ケーキのようにふんわりとした表情で話すのは、戸隠にある菓子工房クローバーの店主、松田謙さんです。
現在、松田さんは奥様の未末保さんと2人でケーキ屋を営んでいます。

「子どもの頃からの夢だったケーキ屋さんを、戸隠で地元住民のためにやりたい」という未末保さんと2003年11月6日にお店をオープンさせ、今年の11月で11年目を迎えました。

「地元住民のために」という思いから、メイン通り「戸隠バードライン」から一本外れた場所にお店を構えました。

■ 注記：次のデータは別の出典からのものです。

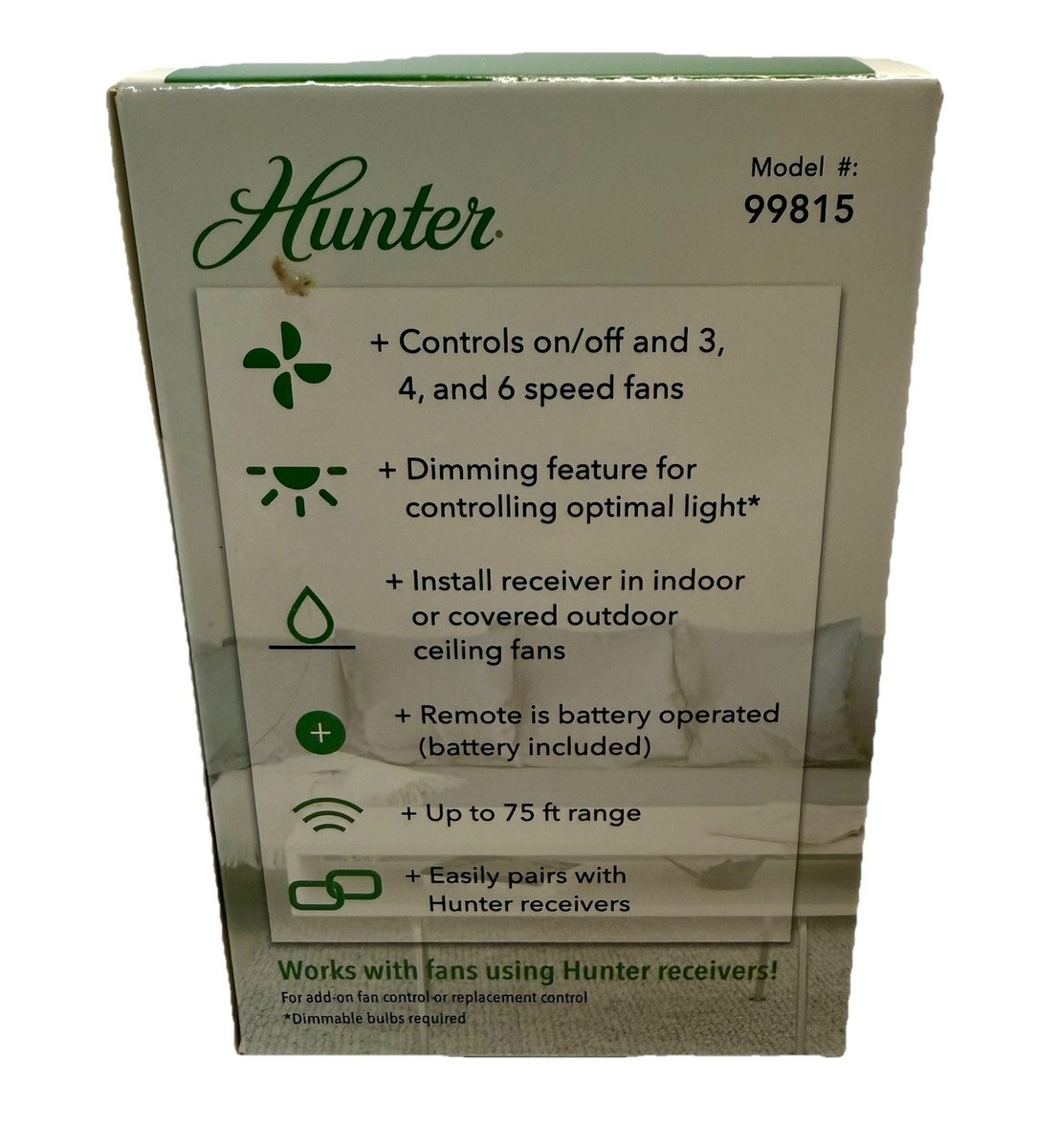 【SE8136】 【D19714】 Hunter Universal Fan-Light Wall Control (Receiver Not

「たまたま知り合いの知り合いがこの土地を持っていたんです。メイン通りから外れていますが、そのぶん地元の方がたくさん来てくれます。ケーキ屋に軽トラックが停まっているのっておもしろくないですか?農家のお客さんが15時のお茶の時間のために買いに来てくれるんですよ」

まさに地元に密着したお店だからこそ、見られる光景だと謙さんは話します。

地元の方をターゲットにしているという考えからメイン通りより一つ外れた場所に佇むお店。それでもお客は絶えない

サラリーマンからの転身

謙さんは群馬県出身。サラリーマン時代は流通関係の会社で全国を飛び回る日々を送ります。
その後、茨城、大阪と転勤のため引っ越しを繰り返し、本社が長野市にある会社に転職したのを機に、2000年に長野市へやってきます。
その会社にアルバイトに来ていたのが、未末保さんでした。

「何度か妻と話しているうちに、ケーキ屋をやるのが子ども頃からの夢で、そのために資金集めでアルバイトしているということを知ったんですよ。その時に、面白いなぁと思ったんです」

その後、二人は結婚。まさにケーキがきっかけで、ケーキ入刀することになります。

そして念願のケーキ屋をオープンさせます。

「3歳の時からの夢でしたので、好きな事を仕事にできるのはこの上なく嬉しいです。夫婦で仕事できるのも幸せですね」

厨房から未末保さんの甘い声が届いてきました。

現在、未末保さんがケーキを作り、謙さんはお店の経理を担当しています。

「サラリーマン時代に勤めていた会社で、営業、経理、総務と全てをやっていたので、お店の運営面はお手のものです。だから、妻にはケーキ作りに専念してもらっています」

奥さま想いの謙さん。今まで、夫婦喧嘩もないほどの仲の良さだそうです。

「サラリーマン時代は、ピリピリしていましたが、ケーキ屋を始めて、性格的にはかなり甘くなったかもしれませんね(笑)」

飯綱のイチゴを使用したベリーのショートケーキ(左)、地元のかぼちゃを使用したシフォンケーキ(中央)、リンゴをふんだんに使ったアップルパイ(秋限定)

人気のアップルパイ

地元住民のために商売している松田さん夫婦は、ケーキに使う食材も地元のものを使用しています。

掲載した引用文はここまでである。